*** Opening The data ***
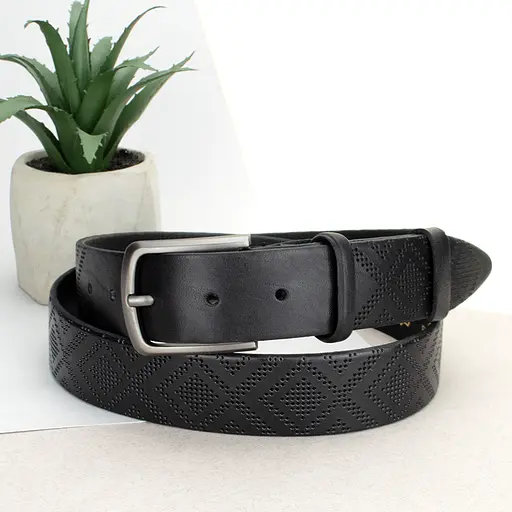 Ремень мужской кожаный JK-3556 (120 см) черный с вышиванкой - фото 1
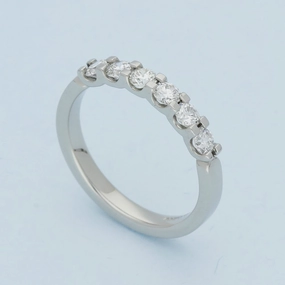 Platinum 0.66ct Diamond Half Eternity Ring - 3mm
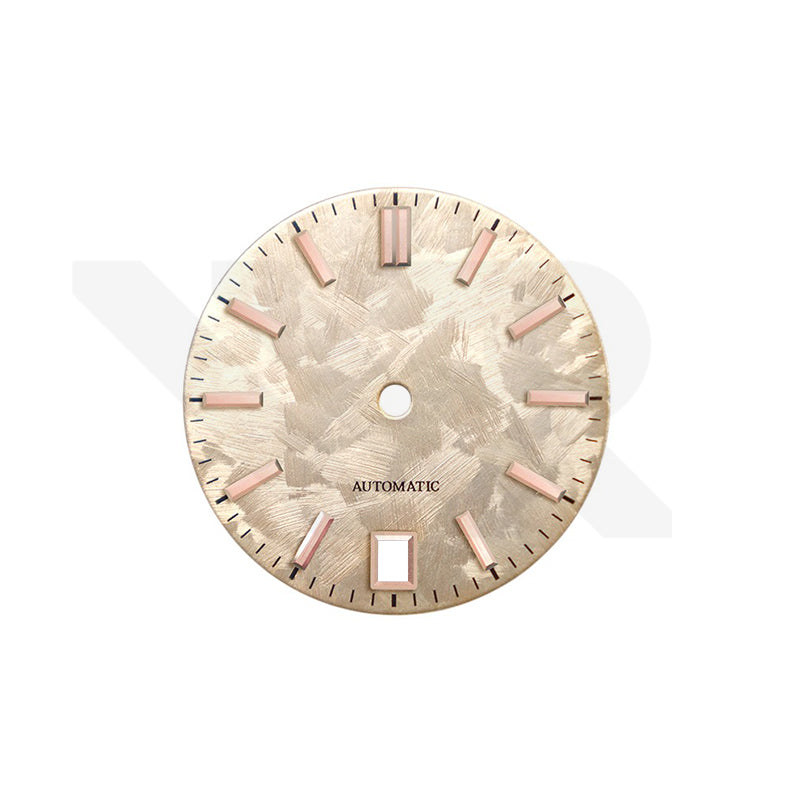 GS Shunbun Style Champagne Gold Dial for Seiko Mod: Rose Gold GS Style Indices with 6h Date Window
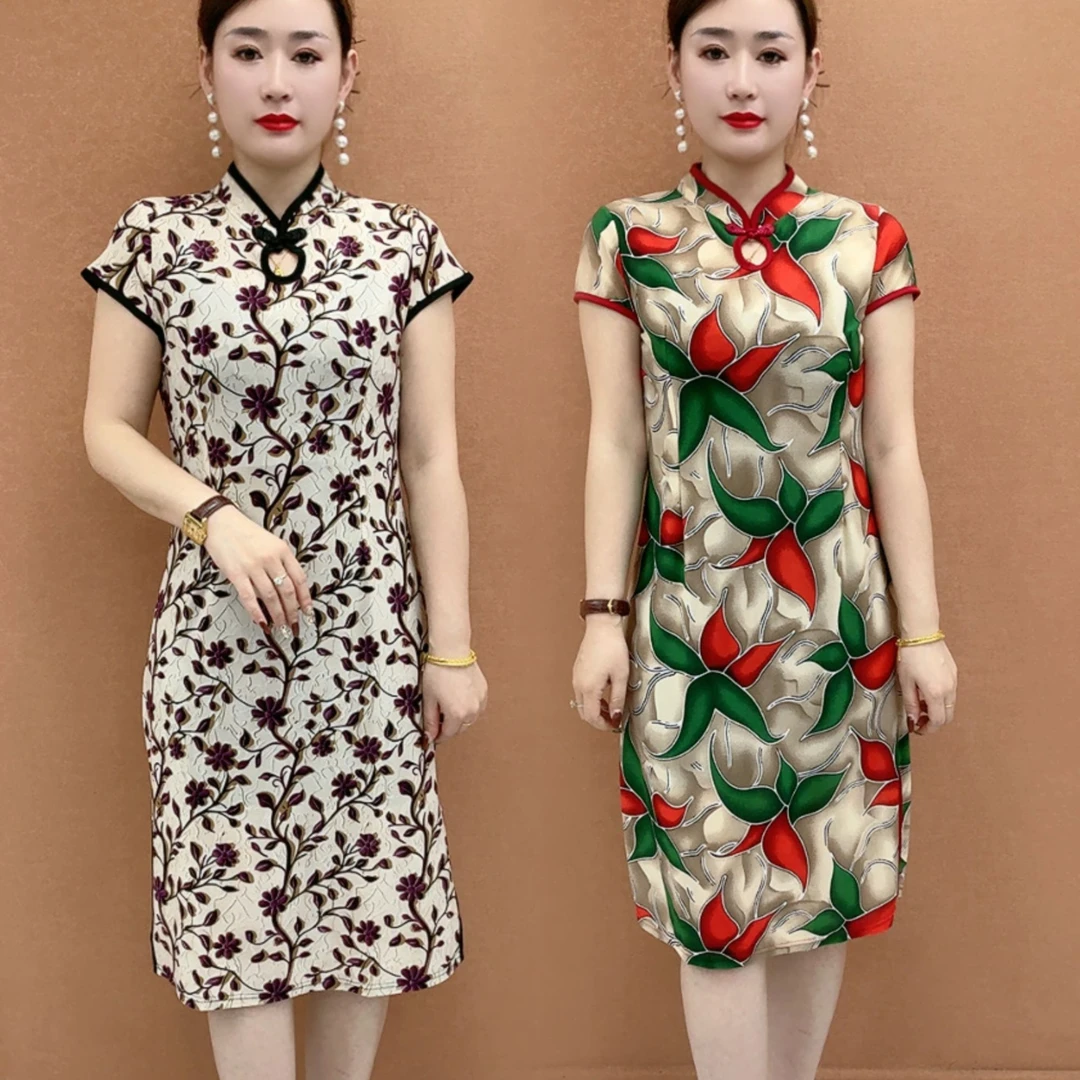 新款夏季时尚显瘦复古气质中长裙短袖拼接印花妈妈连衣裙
*** Closing The data ***
Problem statement. Reproduce the preceding material exactly, skipping pictures.

Response to this task.
 Ремень мужской кожаный JK-3556 (120 см) черный с вышиванкой - фото 1
 Platinum 0.66ct Diamond Half Eternity Ring - 3mm
 GS Shunbun Style Champagne Gold Dial for Seiko Mod: Rose Gold GS Style Indices with 6h Date Window
 新款夏季时尚显瘦复古气质中长裙短袖拼接印花妈妈连衣裙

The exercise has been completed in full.